A 23-year-old man from Ipswich has been jailed for 10 years and six months after committing a robbery and also admitting to a number of burglaries in various towns and villages in Suffolk.

Freddie Cook, of Ashcroft Road, Ipswich, was convicted yesterday, Thursday 11 April, at Ipswich Crown Court after he pleaded guilty to a charge of robbery at a property in Hepworth on Tuesday 15 January.

During the incident the victim was approached by masked men while he was outside his home and was grabbed, threatened and assaulted before being forced inside the house. The masked men then conducted a search of the property in which they stole keys, cash and a phone which was later located nearby, following the males making their escape. The incident left the victim with numerous injuries including a fractured wrist.

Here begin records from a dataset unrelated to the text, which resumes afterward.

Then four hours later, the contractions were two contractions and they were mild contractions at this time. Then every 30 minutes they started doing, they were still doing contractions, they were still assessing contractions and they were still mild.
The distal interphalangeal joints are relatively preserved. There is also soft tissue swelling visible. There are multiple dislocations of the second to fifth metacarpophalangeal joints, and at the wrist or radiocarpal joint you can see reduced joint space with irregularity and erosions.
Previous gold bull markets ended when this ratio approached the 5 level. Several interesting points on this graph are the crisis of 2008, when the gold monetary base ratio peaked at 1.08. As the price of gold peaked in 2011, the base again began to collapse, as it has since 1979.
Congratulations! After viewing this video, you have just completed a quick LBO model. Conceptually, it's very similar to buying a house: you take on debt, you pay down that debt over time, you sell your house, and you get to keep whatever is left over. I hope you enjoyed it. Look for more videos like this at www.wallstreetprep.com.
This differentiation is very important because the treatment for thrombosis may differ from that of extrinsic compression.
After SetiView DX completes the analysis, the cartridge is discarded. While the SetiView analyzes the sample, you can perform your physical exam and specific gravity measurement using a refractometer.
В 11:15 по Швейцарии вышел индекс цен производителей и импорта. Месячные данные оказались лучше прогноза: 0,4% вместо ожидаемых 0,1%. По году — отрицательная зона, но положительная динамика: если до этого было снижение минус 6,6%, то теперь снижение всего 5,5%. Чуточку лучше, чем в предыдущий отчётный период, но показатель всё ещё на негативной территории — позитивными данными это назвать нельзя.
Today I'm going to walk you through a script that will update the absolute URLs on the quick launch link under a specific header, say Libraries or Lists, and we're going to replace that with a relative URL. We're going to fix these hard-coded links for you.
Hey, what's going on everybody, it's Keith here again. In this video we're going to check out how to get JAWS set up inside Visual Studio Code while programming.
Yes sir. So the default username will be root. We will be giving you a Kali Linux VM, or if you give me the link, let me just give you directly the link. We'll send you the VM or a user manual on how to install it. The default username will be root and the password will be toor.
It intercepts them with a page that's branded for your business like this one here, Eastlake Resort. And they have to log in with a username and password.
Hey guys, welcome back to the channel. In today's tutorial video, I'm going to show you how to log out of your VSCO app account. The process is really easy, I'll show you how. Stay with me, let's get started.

Cook was identified by forensic analysis and arrested on Thursday 24 January and was taken to Martlesham Police Investigation Centre for questioning before being charged with robbery.

Between being charged and being dealt with in court, Cook chose to work with officers from Suffolk Police’s Operation Converter TIC Unit and went on to admit 20 further offences – including burglaries, an attempted robbery, theft and aggravated vehicle taking, all carried out between April 2018 and January 2019.

During one of the burglaries, on Thursday 27 December, 2018, in Long Bessels, Hadleigh, a convenience store was broken into and a glass door was smashed. A number of items were stolen including alcohol, cigarettes and a till.

Another property in Eccles Road, Ipswich, was broken into on Thursday 17 January, and a number of items were stolen including electrical goods, watches, jewellery, a set of car keys and a black Ford Focus ST.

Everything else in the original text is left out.